I’m not sure this will happen, but I’m hoping that over time it’ll get easier and easier to write more and more Elixir code in Gleam. Time will tell. I haven’t tried Gleam myself beyond watching some videos but I’m hoping. I would love to try doing some integrating of Gleam into my Elixir projects but so far it seems to me like the Gleam/Elixir interop story is still a little more complicated than I would like.

I mostly try to avoid macros in Elixir for the same reason you avoid metaprogramming in Ruby. Too powerful; too easy to make a mess.

Writing tests in Phoenix is one of the biggest pros for me. I find it much easier than when I worked in Rails. For me, writing tests in Rails felt like a chore I had to do. In Phoenix, it often feels like the easiest way to find out if something works, which I love. It’s hard to explain why, honestly, but that’s been my experience.

I’ve been doing some work recently in F#. I have issues with F# on a number of details, but I have been able to do the same sort of pure type-driven development as in Elm much of the time. There is more of the C# world than I would like that bubbles up at times, but it works and the foundation looks to be relatively well supported. You can use Fable and Elmish to do your front end work in F# as well if you want to share types across the front and back end though the code is a bit messier than Elm and the error messages not as good. I will say, however, that it’s pretty cool having one watcher rebuilding the server code while another watcher rebuilds the client code.

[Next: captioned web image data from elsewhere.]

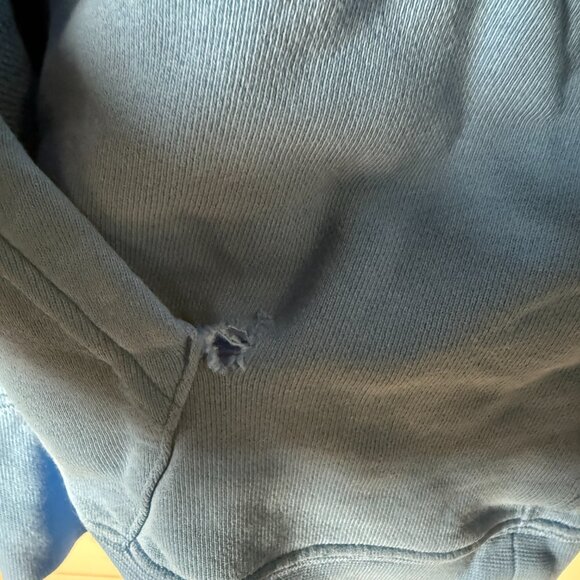 Nike Track & Field 1-77 Hoodie Vintage Distressed Blue with Orange Sz Large - Picture 12 of 14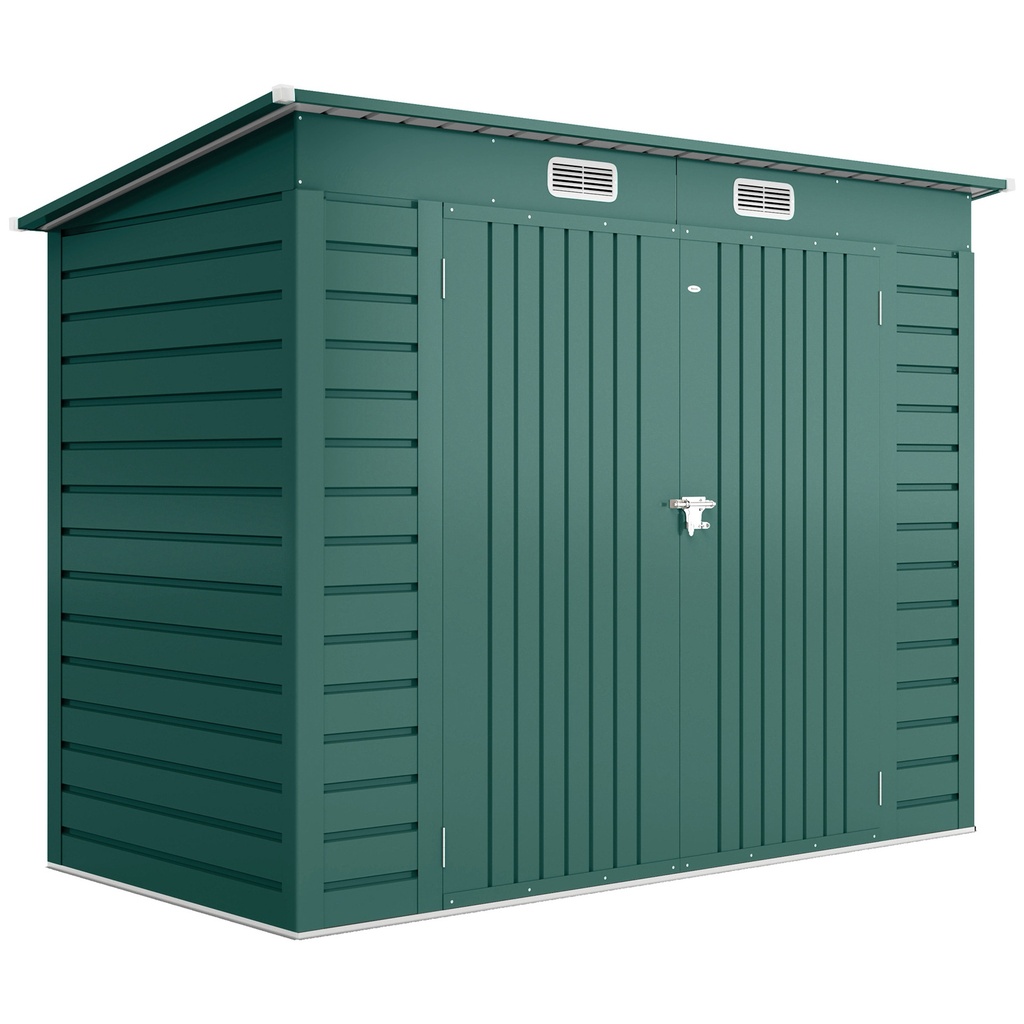 Outsunny 3.7 x 7.9ft Garden Shed, Green (Product Only - No assembly)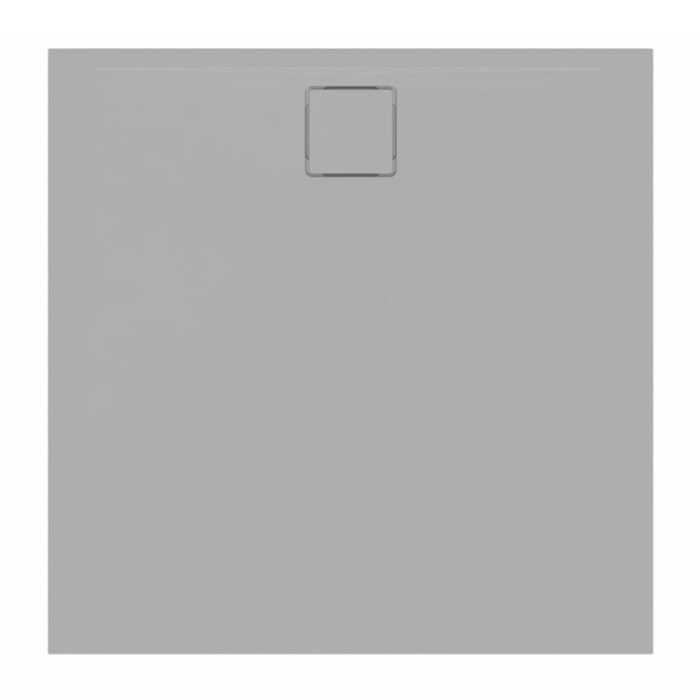 Vision Receveur de douche 90x90cm + Siphon Eslim90. Marbre coulé, gris (SATSVVI90QS-S)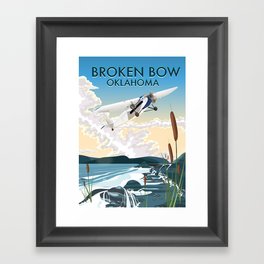 Broken Bow Oklahoma Framed Art Print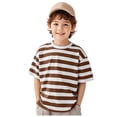 thumbnail image 1 of Akiihool T-Shirt Garçon T-Shirt Graphique Premium à Manches Courtes et Col Rond pour Garçons, Coupe Régulière (Coffee, 13-14 Ans), 1 of 4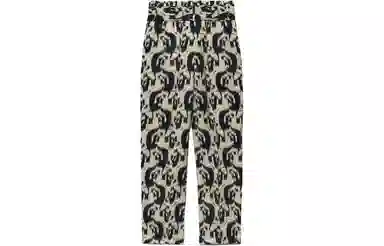 ZARA Animal Print High Waist Straight Pants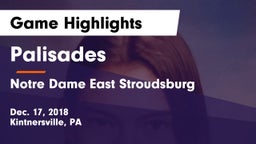 Palisades  vs Notre Dame East Stroudsburg Game Highlights - Dec. 17, 2018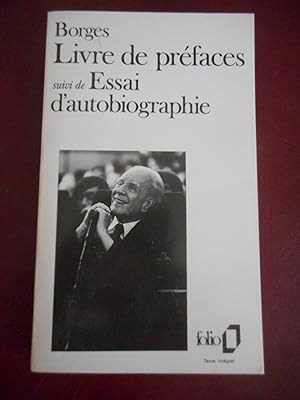 Imagen del vendedor de Livre des prefaces - suivi de - Essai d'autobiographies a la venta por Frederic Delbos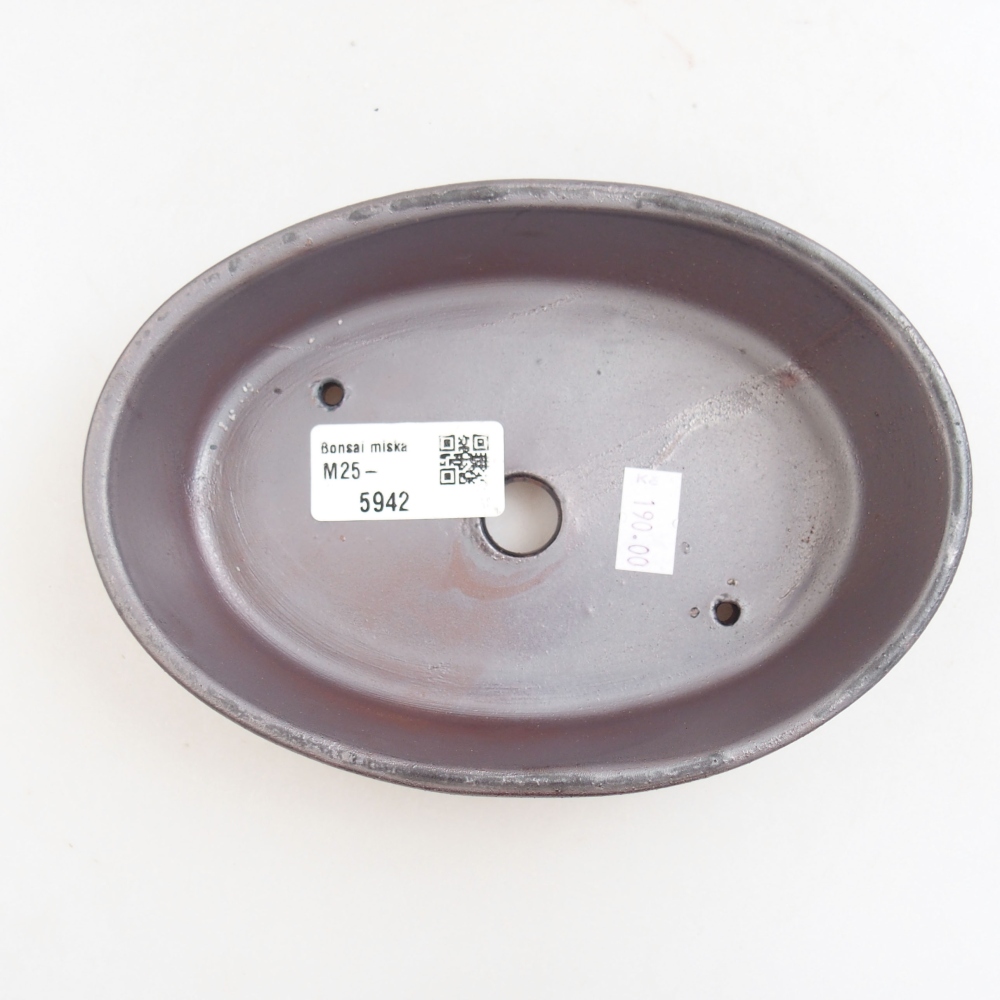 Cuenco bonsái de cerámica 22 x 17 x 5 cm, verde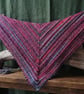 Handmade Crochet Gradient Triangle Shawl: Boho Winter Wrap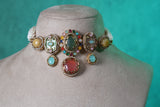 Multi Stone Choker Set(4-9366)(B)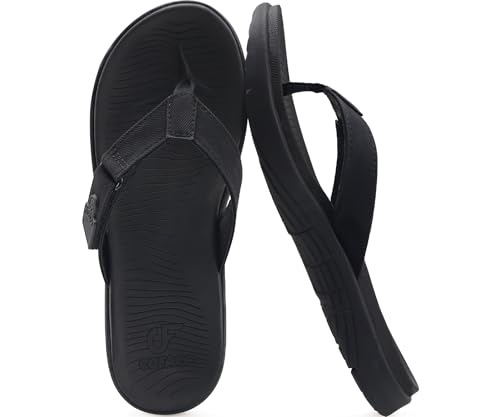 Image of COFACE Flip Flops for Women with Arch Support Beach Thong Sandals for Woman Adjustable Fashion Orthopedic Sandal Outdoor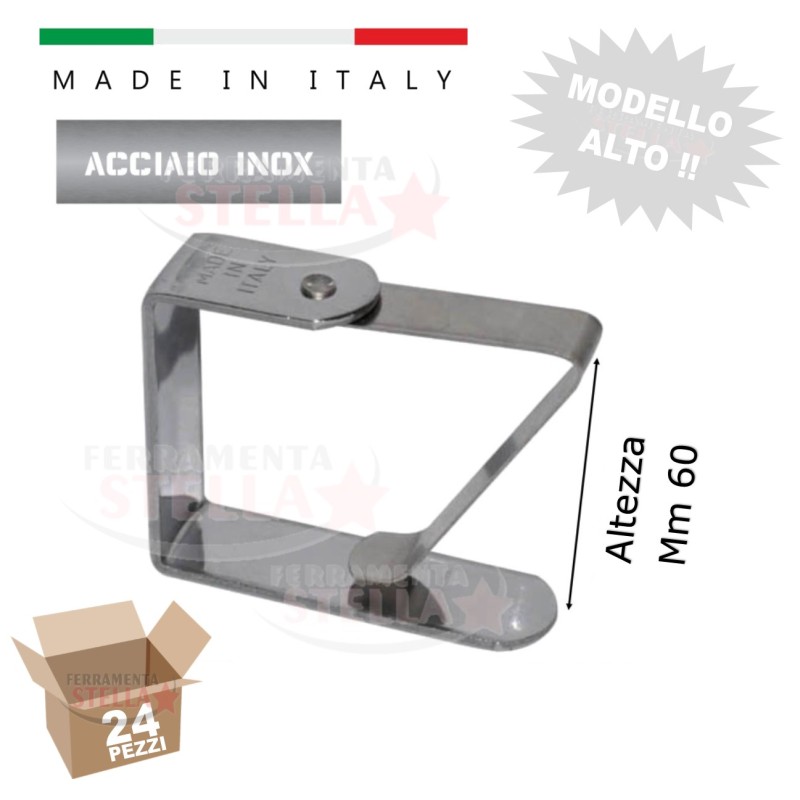 Ferma tovaglia acciaio inox tavolo tovaglie alto | ferramentastella.it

For hobby stuff I’ve really been enjoying Lamdera (proprietary, alpha), which provides a way to do frontend and backend in one elm codebase, with persistent data on the backend and migrations.

It’s so nice that if it were mature and had a couple more features I’d be using it for anything that doesn’t need a real database.

For a larger project I went down the haskell / Yesod path several years ago.

First of all the bad stuff: Although the book makes it seem as though “anyone can set up a yesod server”, you need to know haskell quite well to be able to do anything that’s not handed to you on a plate. Expect to dig deep into the code as the book and docs are outdated and missing key details. Libraries are re-exported everywhere, so it takes alot of browsing to find where a function might have come from.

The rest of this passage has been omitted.